Guest Post, Elizabeth Frankie Rollins: I Am an Animal Text

cat in studyMy writing study has become a lair. I have allowed two stray cats to take over the room, and there have been live lizards, fleas, decapitated birds, a wing with a gristled knob at one end, feathers stuck to the wall, smears of blood on the floor. One morning, I found two little objects on my desk chair: a tiny yellow-beaked baby finch head and a small, dark, licked-clean organ, possibly a gall bladder or kidney.

I don’t just leave the carnage. It smells, so I clean it up. But I don’t close the flap on the cat door. I leave the flap open. I let the kitties bring their viscera and alive-ness in here.

My manuscripts, in piles around the room, are marked by footprints, skittered with flea dirt.

The cats stink because the kibble I give them doesn’t agree with the beaks and eyes and skulls of rock doves. Also, they smell of the rain and the sun and the dirt outside, dirt that they track in on pee-flickered paws. The cats mew happily when they see me. Sometimes cobwebs hang from their whiskers. They are both tamed and wild. I am not much different from them.

I bring civilization, daily, to this room, and then I let the cats wild it again. I let this happen and I unhappen it and it happens and I unhappen it. Since they do not find their grisly work remarkable, I have to ceased to react to it as well. For example, I merely took the gifts of head and organ off of my chair, threw them away, and sat down. We are domesticated and wild. Wild and domesticated. We do both.

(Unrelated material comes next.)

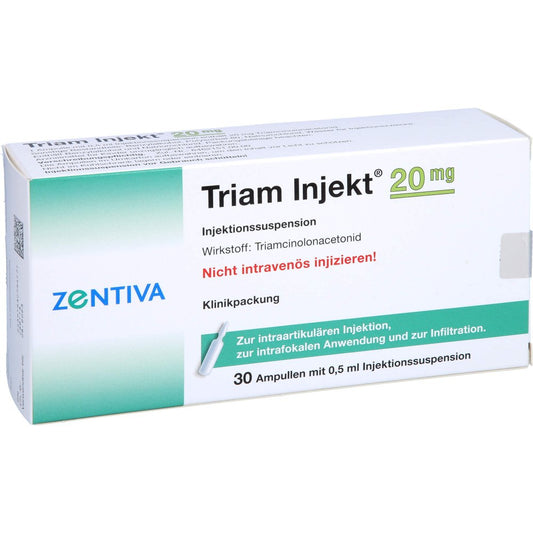 Das Produktfoto zeigt Triam Injekt 20 Mg Kristallsuspension In Ampullen (30X0.5 ml) PZN 02395020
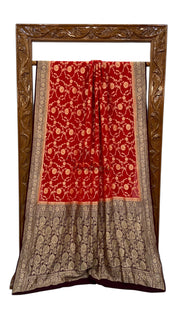 Pure Khaddi Georgette Banarasi Saree -  Gold zari - The Handlooms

To be an artist is to choose to be uncivilized. I care about things that my society doesn’t necessarily value. I care about human expression, about art. I care about nuanced language, about writing true things. I care about humans pursuing their dreams. I value conversation above money. I value imagination above possessions. I value human connection. I have said fuck it fifteen thousand times in service to my art. Even though I want the cats to come inside during monsoon storms, they don’t care. The flap is open but they don’t always come in, even during the most raging summer storms. Lightning cracks hard, a block away, and I know they are out there, under bushes, great swaths of water rushing under their paws. They do not care that I am worried. They do not care that they are wet. They will visit later, washed, vigorous, hungry.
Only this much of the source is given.